MATERIAL FOR THE TASK:
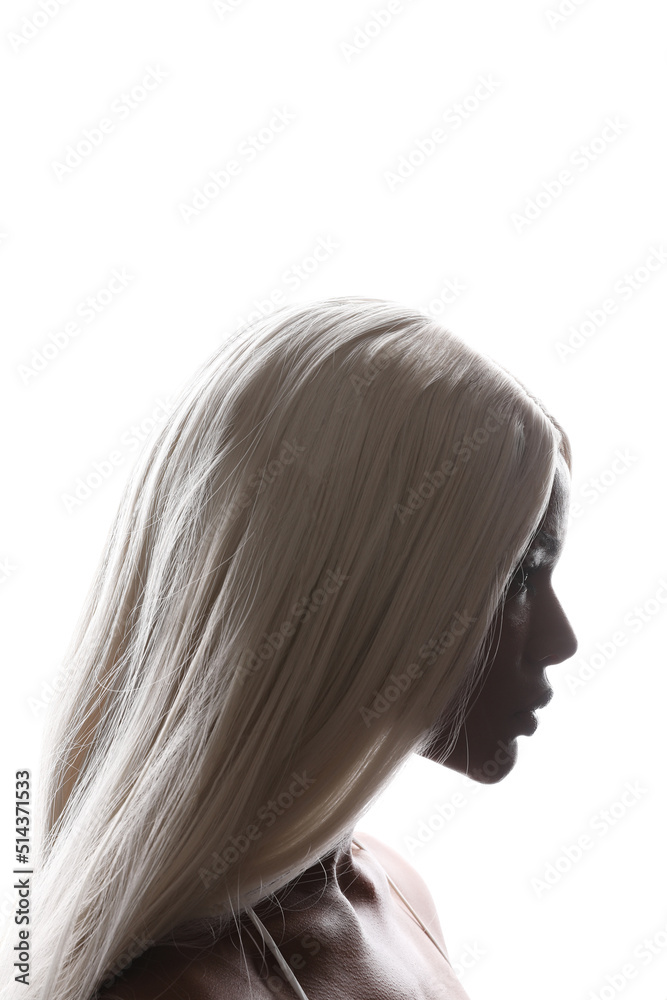 Profile portrait of African American young woman with long blond hair. Mock-up.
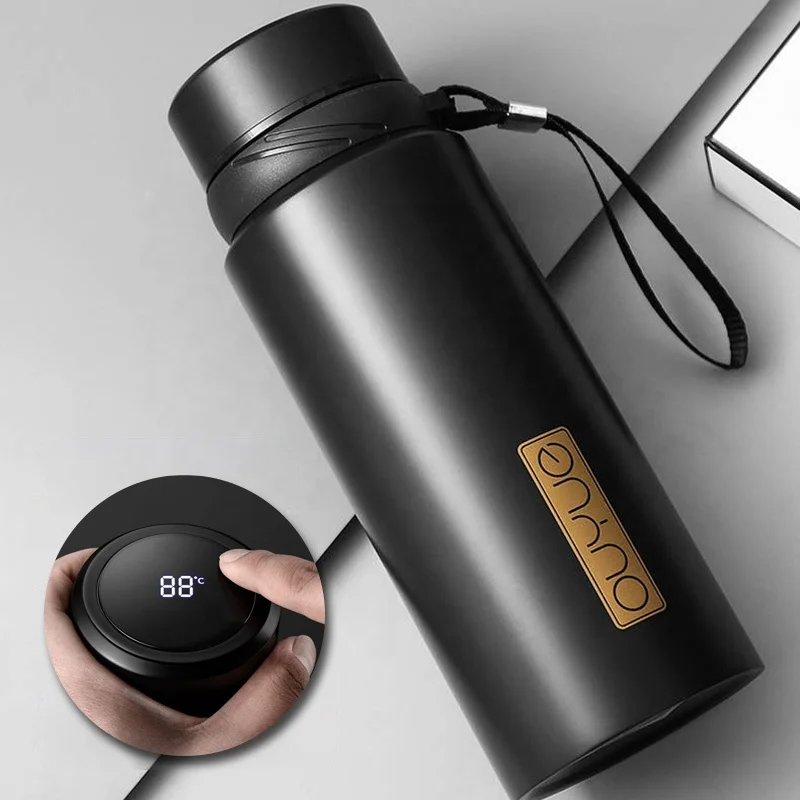 RTS Black Luxury Digital Temperature Display Smart Water Bottle Tea Infuser Stainless Steel Vacuum Flask Thermo With Custom Logo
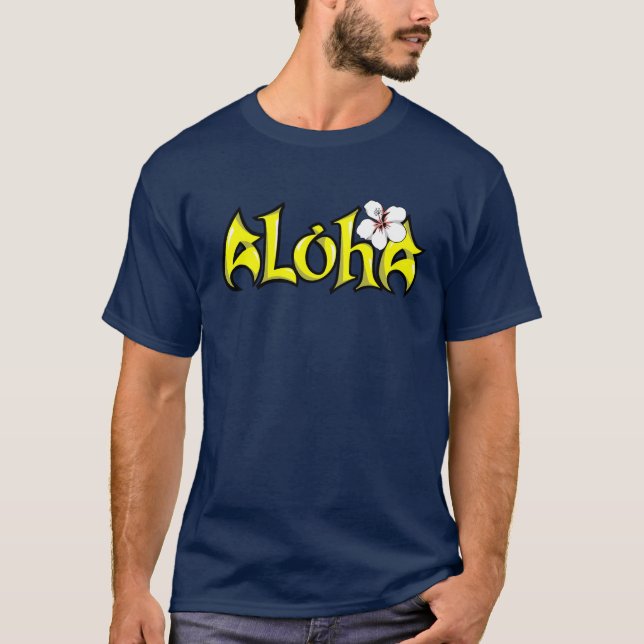 Camiseta ALOHA: Impressão Design (Frente)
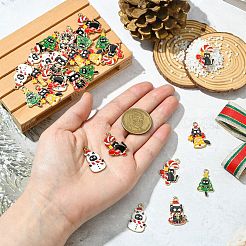 30個 5スタイル クリスマス 猫テーマ 合金エナメルペンダント  混合図形  25~26x15~19.5x1mm  穴：2mm  6個/スタイル&nbsp;ENAM-CJ0006-53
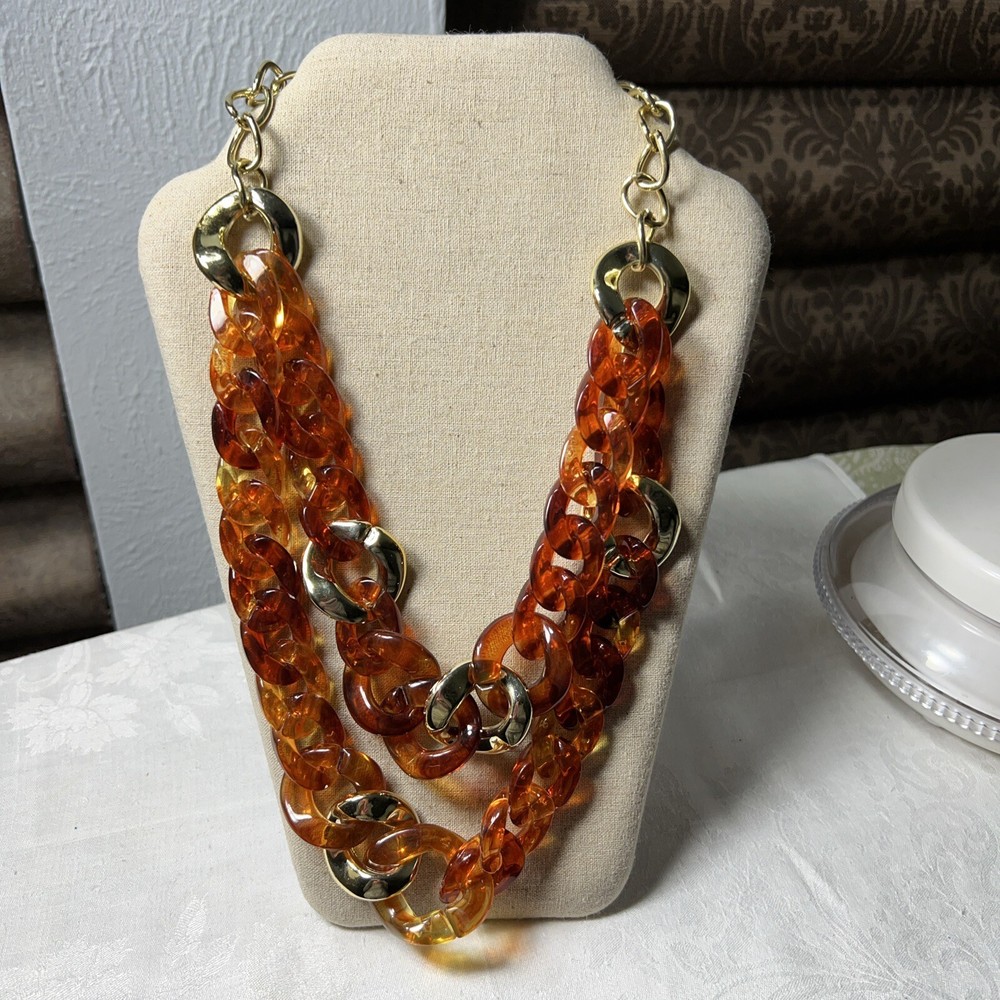 Large Link Amber Acrylic/lucite Two Tier Necklace With Gold Tone Spacer Links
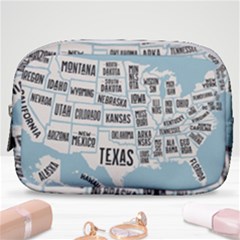 Black White Usa Map States Make Up Pouch (small) by B30l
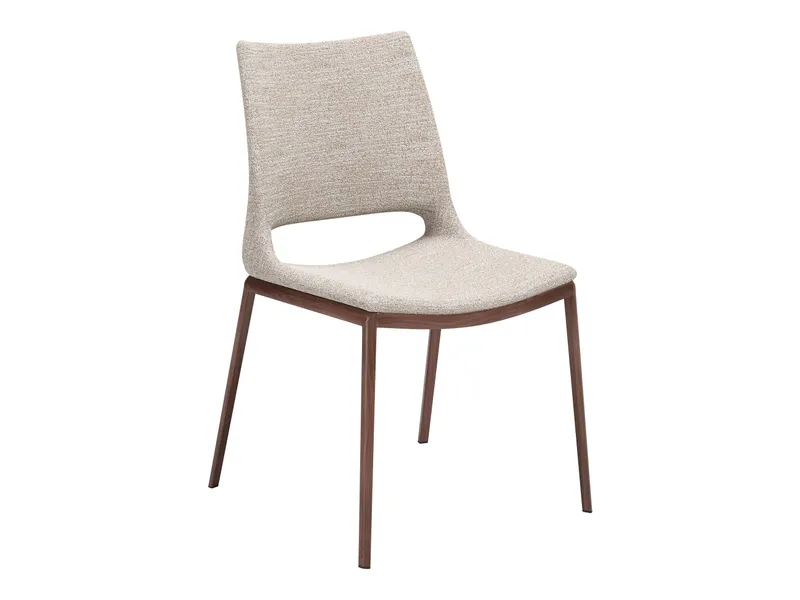 Ace Dining Chair Beige & Walnut 7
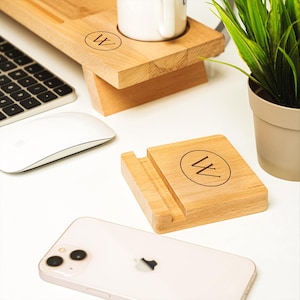 Anniversary Gift Personalized Desk Phone Holder, Office Desk Organizer Wooden Trays, Custom Christmas Gift, Home Office Decor,  Laptop Stand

EXERCISE DETAILS: Your answer must be an exact repeat of the records above, with the pictures left out.

SOLUTION BELOW:
 Profile portrait of African American young woman with long blond hair. Mock-up.
 RTS Black Luxury Digital Temperature Display Smart Water Bottle Tea Infuser Stainless Steel Vacuum Flask Thermo With Custom Logo
 Camiseta ALOHA: Impressão Design (Frente)
 30個 5スタイル クリスマス 猫テーマ 合金エナメルペンダント  混合図形  25~26x15~19.5x1mm  穴：2mm  6個/スタイル&nbsp;ENAM-CJ0006-53
 Large Link Amber Acrylic/lucite Two Tier Necklace With Gold Tone Spacer Links
 Black White Usa Map States Make Up Pouch (small) by B30l
 Ace Dining Chair Beige & Walnut 7
 Anniversary Gift Personalized Desk Phone Holder, Office Desk Organizer Wooden Trays, Custom Christmas Gift, Home Office Decor,  Laptop Stand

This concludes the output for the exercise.